Unlike the Bitcoin test network, we really do need and want DevShares to have some real value because only through having real value will a distributed user base actively test it; especially the market features. You cannot test BitAssets throughly unless the collateral has value.
Delegate Training Ground
DevShares provides a training ground for new delegates who may one day hope to get elected on the BitShares network. Most delegates on the BitShares network should be expected to also host at least one node on the test network.
All delegates can then test and debug their upgrade process on the DevShares network and help find and report issues. If delegates are experimenting with automated fail overs or other infrastructure they will want to make sure it doesn’t inadvertently harm the network.
The DevShares network will have lower value and thus will pay delegates 500 DVS (vs 50 BTS) per block which will result in a much higher initial dilution (up to 60% per year). This pay will help compensate delegates that participate in testing and generate some spare DVS that they can distribute to those who need it.
We would like the DevShares network to be a place for the community to drive adoption and marketing. Give away threads, free samples, etc. open the door for our community to try out new systems without risking the BitShares network directly. The core developers will be looking to the community to help test every version, to practice their trading skills, and otherwise use the network.
We will probably offer bounties for bugs found on the DevShares network and this will help everyone.
BitShares grows Up
DevShares is the first step toward BitShares growing up to act like a mature production ready environment that people can trust. The very existence of DevShares and the public testing that it represents will help the market gain confidence in upgrading the BitShares network.
The network will be initially allocated as 2 billion shares divided equally among AGS, PTS, and BTS holders as of the December 14th snapshot date. An additional 50 million vesting shares will be allocated the same was as the 500 million vesting shares in BTS. These vesting shares are there so that we can throughly test all operations that deal with vesting balances.
Update 1/7/2015: We have relaunched DevShares with a new allocation. Please see my post titled DevShares Reloaded for more information.
DevShares will undoubtedly be listed on exchanges and many gateways will probably pop up to support the network. It is important that everyone who is participating in the DevShares network understands that all user issued assets on the DevShares network should be “contract free” and if a bug happens to result in a massive loss to the issuer, the issuer is free to take what ever action they deem appropriate to make people whole (or not). Any gains or losses as a result of a bug on the DevShares network are part of the system and no one shall be held responsible for any losses. No one can execute a scam on the DevShares network because all such scams are deemed to be legitimate voluntary choices in a contract free world.

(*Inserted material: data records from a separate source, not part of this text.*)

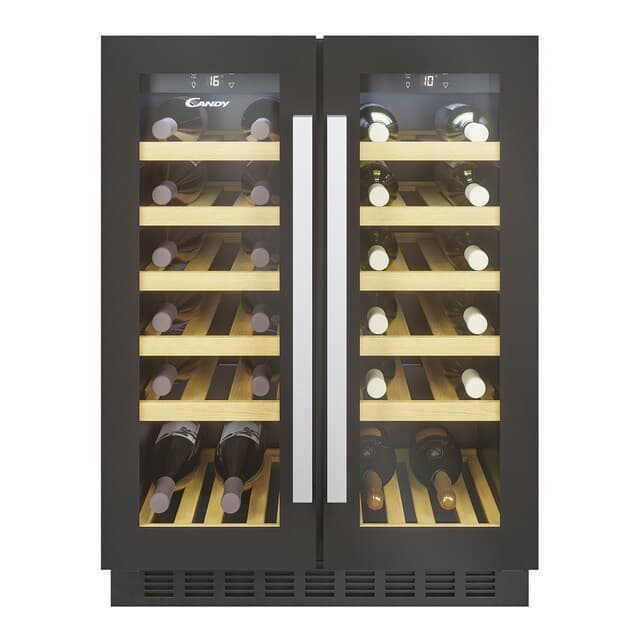 Imagen de Candy CCVB 60D/1 vinoteca 40 botellas, 2 zonas en OfertitasTOP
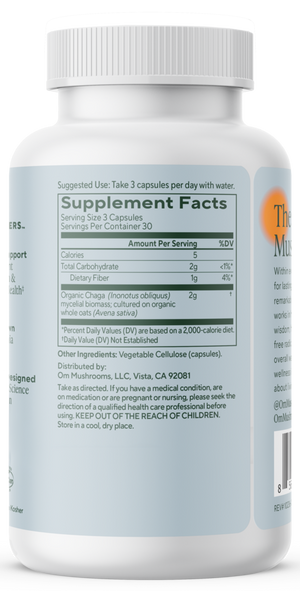 Chaga Mushroom Superfood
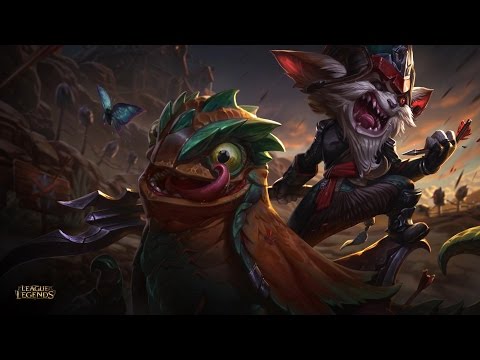 I3imbi learning a new Champ- Kled Highlights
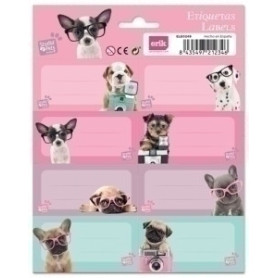 COMPRAR ETIQUETA ESCOLAR ERIK 15,8x20 STUDIO PET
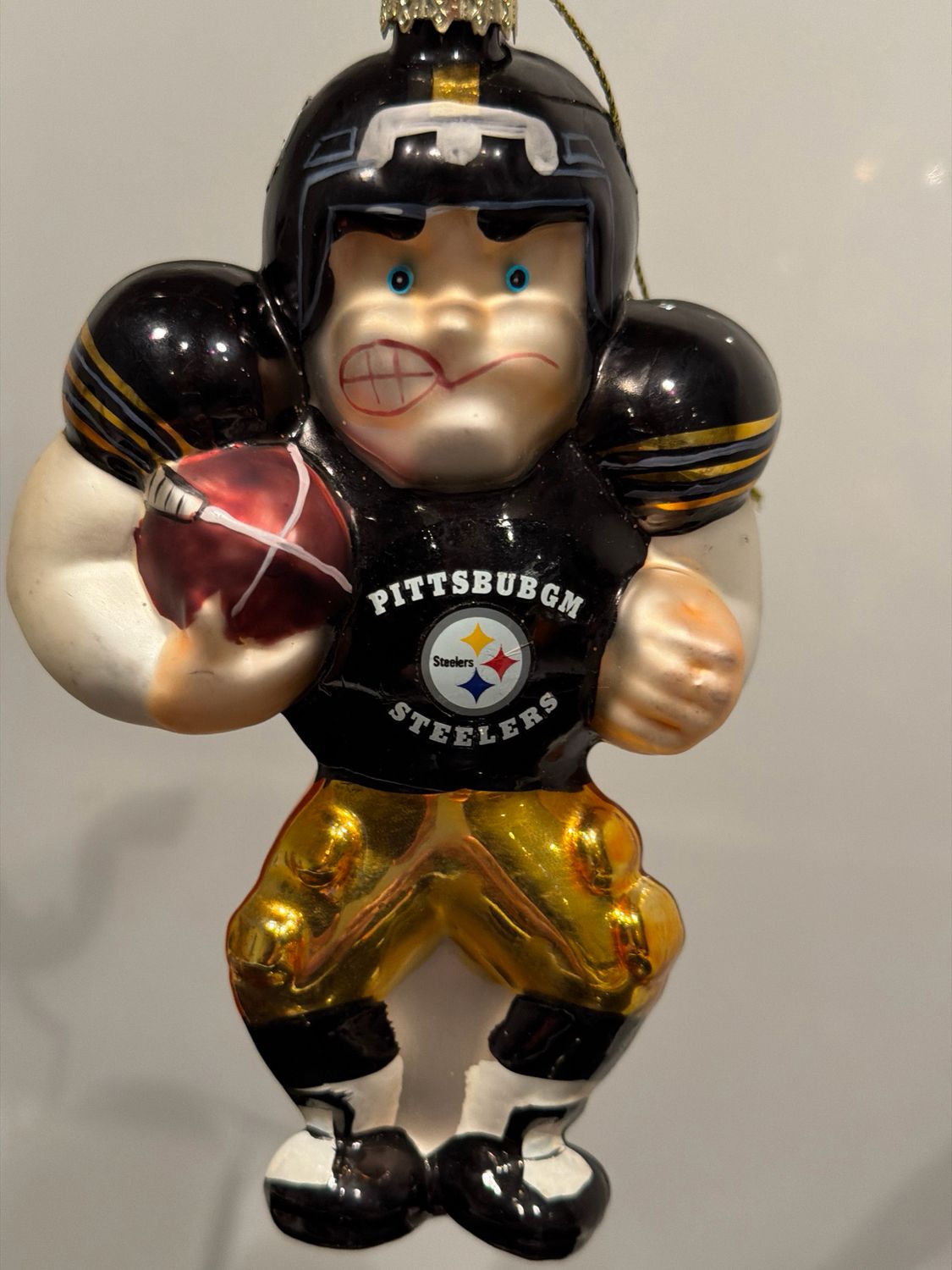 Rugby speler zwart shirtje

It is important that you have your expectations set right here. Exchanges may freely walk away with your DevShares deposits without any moral issues. When you transfer your funds to the exchange they become the exchanges and are not an IOU. If an exchange loses your transaction or suffers a loss due to a bug or double spend then that is just your luck. It is a development network and all operations and transactions are inherently a gamble.
I feel this kind of disclaimer is necessary to encourage exchanges to participate in our development network without fear of any liability. Some people will have a hard time managing their expectations, but it will be up to the community to remind them of the social consensus on the DevShares chain that there are no scams, “theft” is legitimate, and trust is a gamble.
The DevShares network will launch this week and we will start using it for all proposed upgrades to the BitShares network. If you would like to experiment with our latest beta features then DevShares is the place to be.